Published: 13:12 30 Mar 2017 BST

Growing savings

Earlier this week I did a trawl through the Alternative Investment Market (Aim) to identify companies that looked capable of sustained dividend growth.

The trawl came up with 13 companies, which is not an auspicious number, so we dumped those yielding less than inflation (2.3%), trimming the field to six.

In this article I’ll have a closer look to see whether we can whittle the field down further.

NAHL Group

NAHL Group plc (LON:NAH), which trades as the official sounding National Accident Helpline, is yielding an eye-popping dividend yield of almost 12%.

Working in the personal injury claims market, the future is extremely cloudy for the company, and what the 12% yield is telling us is that the market is expecting things to get rocky and for the dividend to be cut or binned altogether.

In my experience the market is very rarely wrong in this instance, and even though the group declared its latest dividend as recently as last week, the board also said it intended to keep the dividend at two-thirds of earnings per share in future; if the earnings go south, so does the divi.

Should we buy it?

I say: NAH.

Before I put my barge pole away, let me also look at …

NetPlay

NetPlay TV PLC (LON:NPT) is being taken over by the splendidly named Swedish interactive gaming company Betsson.

It’s a done deal, so reluctantly we gives this one a miss.

Dillistone

Dillistone Group PLC (LON:DSG) is a software firm serving the recruitment industry.

With a forecast yield of 4.9%, a price/earnings ratio of 13.7 – a shade above its three-year average of 12.4 – and a long history of steadily increasing its dividends after a “reset” (industry code for a cut) in 2010, this looks like one for the proverbial sock drawer.

Zytronic

Zytronic PLC (LON:ZYT) sounds like a sports energy drink but in fact is a maker of touch screen sensors.

My old fashioned screen tells me it is forecast to yield a handy 3.9%, while its price/earnings ratio (PER) of 14.8 is comfortably below the market average, and is just under a full point below Zytronic's three-year average PER of 13.9.

Dividends have consistently risen year-on-year since 2007, so there does not look to be anything here to frighten the horses, particularly as the AGM trading update in February said the company was trading in line.

Somero Enterprises

Shares in Somero Enterprises Inc (LON:SOM) have more than doubled over the last year, yet it is still forecast to yield 2.9% this year.

What in tarnation is going on?

The manufacturer of laser-guided equipment issued its full-year results two weeks ago and all the numbers looked poptabulous – “We achieved record revenues, profits, and cash flow and ended the year with the strongest balance sheet in our history,” said chief executive Jack Cooney.

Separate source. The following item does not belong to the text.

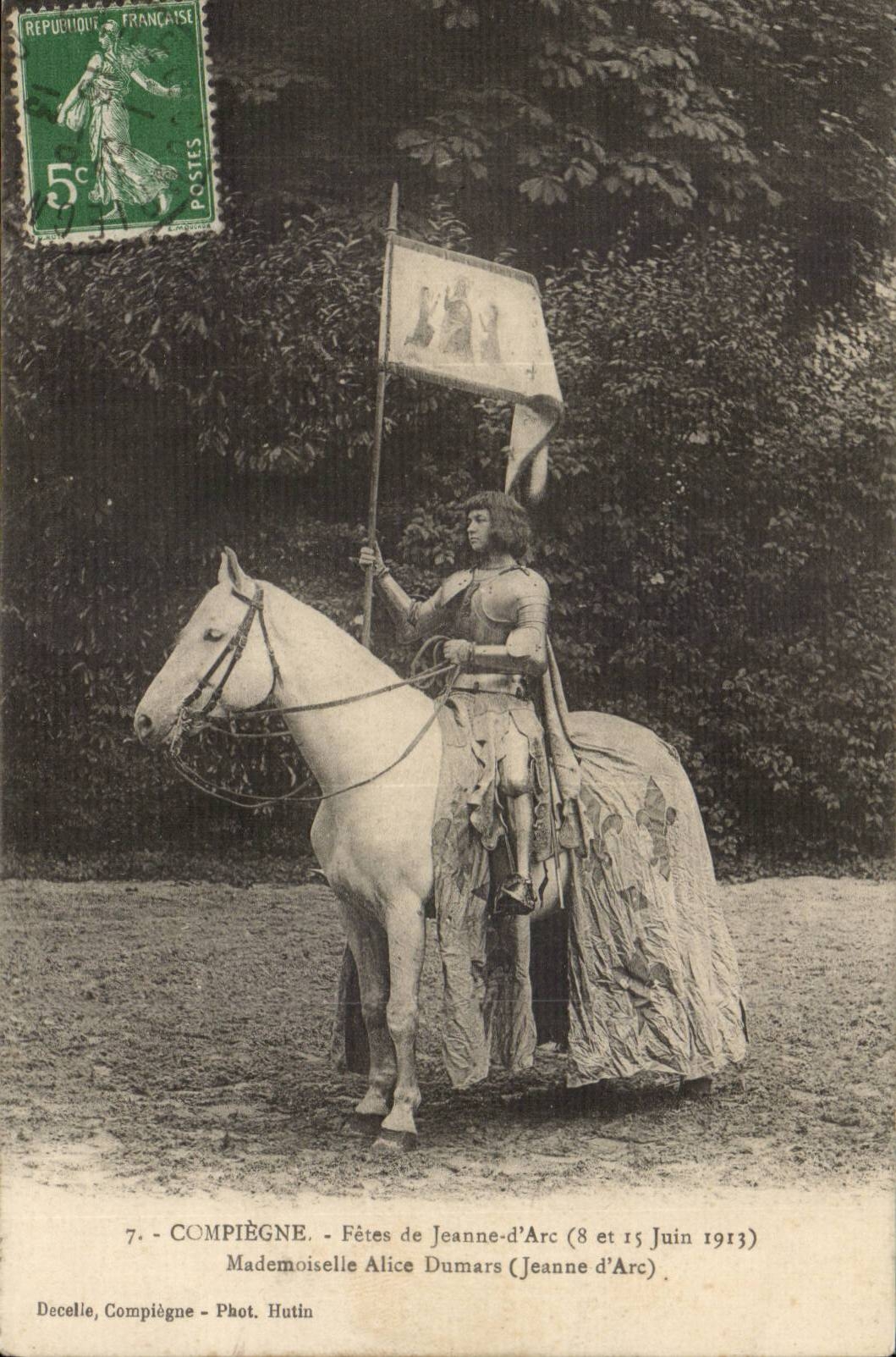 Compiegne CPA Celebrates of Jeanne of arc June 1913 Mr Schlosser banner carried by Miss Alice Dumars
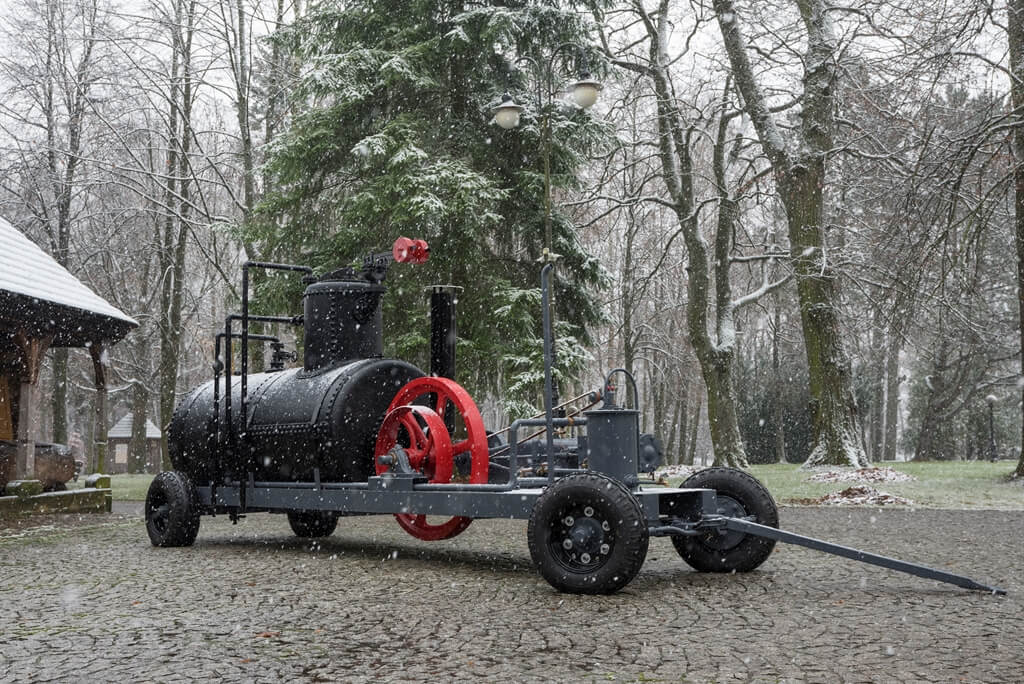 W Muzeum Rolnictwa w Ciechanowcu są 3 nowe silniki parowe, źródło: MR Ciechanowiec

The number that most interests me is 40%, which is the level of adjusted earnings per share the company paid out, resulting in a 61% increase on the previous year’s pay-out.

So, I’ll happily trouser the divi, and if the company can double in share price again over the next year that would be jolly nice – hang on, it’s a US company – that would be Totally awesome as well.

James Halstead

Results from the floor coverings specialist James Halstead PLC (LON:JHD) are hot off the presses, and (it’s a UK company) utterly splendid they were too, considering the tough environment the group operates in.

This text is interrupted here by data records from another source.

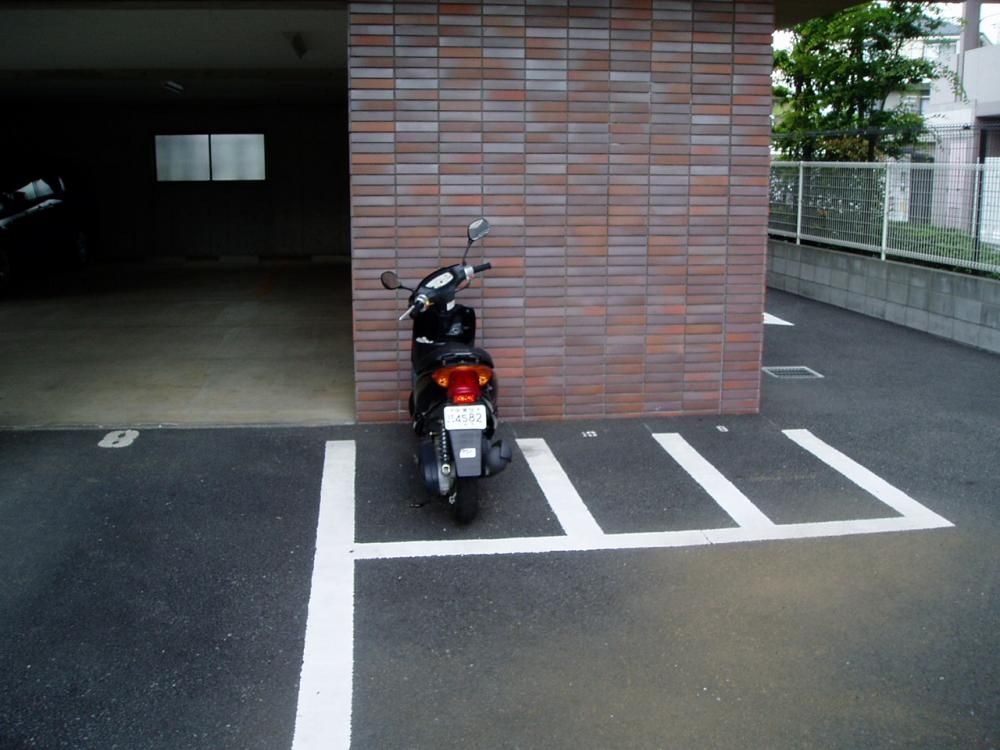【駐車場】　バイク置場有料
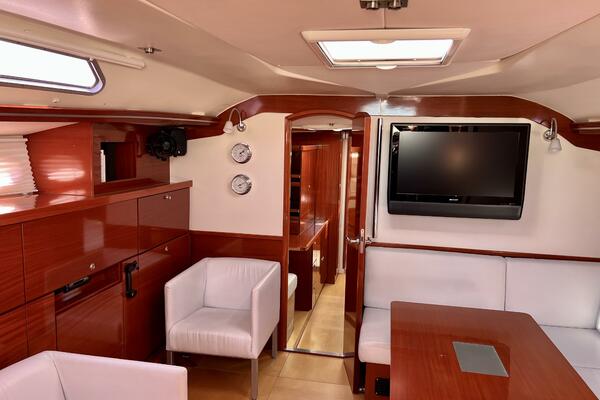 The Jonathan Shepard 46ft Hanse Yacht For Sale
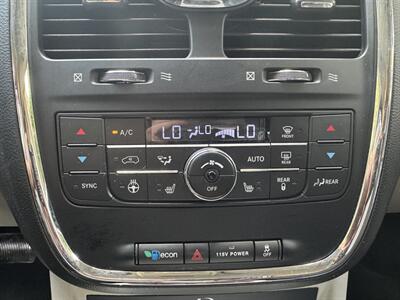 2014 Chrysler Town & Country Touring-L   - Photo 29 - Pittsburgh, PA 15226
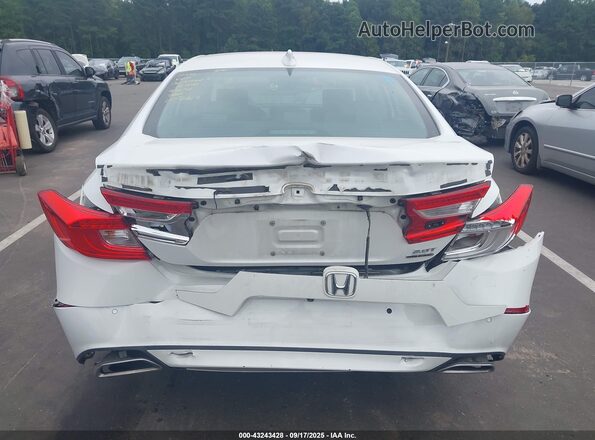 1HGCV2F97JA016967 2018 HONDA ACCORD White წინა ხედი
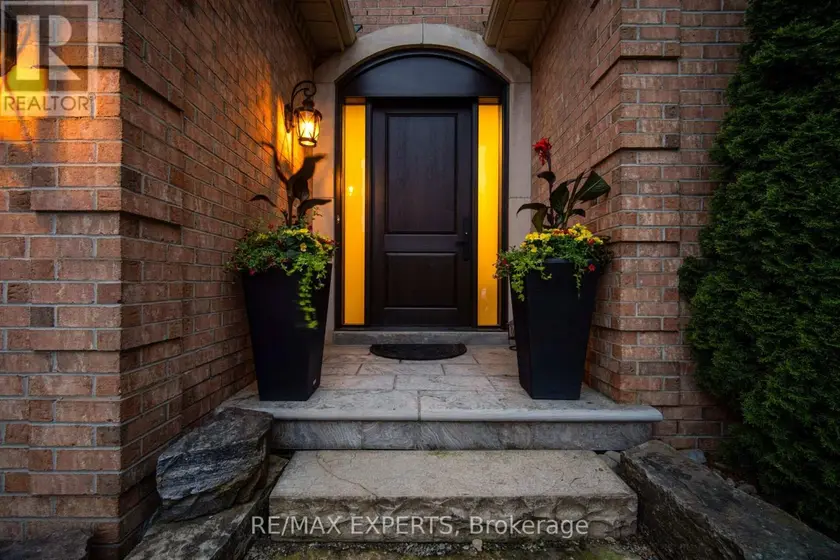 Detached at 904 DAMASCUS COURT, Newmarket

The forecast yield is 2.6%, and although the forecast PER at 27.6 is on the high side, the stock traditionally trades on an earnings multiple in the mid-twenties, so it is only a pale pink flag rather than a red one.

Stockbroker AJ Bell is clearly a fan.

“Twenty-six FTSE 100 firms have raised their dividend every year for the past decade but when it comes to consistent increases in the shareholder pay-out few can match AIM-quoted flooring expert James Halstead, whose interim dividend hike today adds to a streak of consecutive increases that stretches back to the late 1970s,” the broker said.

We’ll take their word for it but as Jimmy Cricket used to say, wait – there’s more.

“Adjusting for stock splits in 2006, 2011 and 2012, James Halstead’s dividend has grown from 0.016p a share in 1977 to 12p for the year ending June 2016.

“Today’s 7.1% interim payment hike to 3.75p paves the way for the 8% increase in the Total dividend to 13p for the year to June 2017, further buffering Halstead’s reputation,” it said when the results came out.

Enough. It goes into the Aim Sustainable Dividends Portfolio, which we’ll keep track of and revisit once a month.

We’ll start with (a virtual) £10,000 and invest in parcels of £1,000.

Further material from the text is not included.